SeaWorld has announced that it will end its controversial orca breeding programme. The current generation of 23 orcas living in the three US SeaWorld theme parks will be the last.
Back in 2013, the documentary Blackfish brought SeaWorld’s orcas into the public eye. This, combined with stories about captive orcas suffering ill health, has made people sympathetic to the marine mammals and has raised questions about the ethics of keeping them captivity. Following the documentary’s release, visitor numbers to SeaWorld have plummeted.
“For some time, SeaWorld has faced a paradox,” said SeaWorld CEO Joel Manby. “Customers visit our marine parks, in part, to watch orcas.
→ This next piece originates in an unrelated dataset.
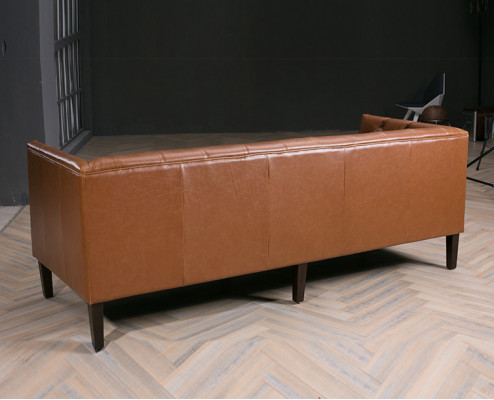 Canapé Chesterfield en cuir pour club d'hommes Trois places en cuir marron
But a growing number of people don't think orcas belong in human care.”
SeaWorld has not taken orcas from the wild for nearly 40 years, and the ones currently living in the parks were either bred in captivity or have spent the vast majority of their lives in the care of humans. According to SeaWorld, these animals would not survive in the wild and will live out the remainder of their lives in the theme parks.
The company has also said that it will phase out the theatrical orca shows that are synonymous with SeaWorld. In their place, there will be “natural orca encounters” that focus on the behaviour of the animals.
“This is a first, massive step forward toward a more humane future for SeaWorld,” said Dr Naomi Rose, marine mammal scientist at the Animal Welfare Institute and formerly with the Humane Society of the United States. “I welcome these commitments from Joel Manby. He has given SeaWorld a new lease on life.”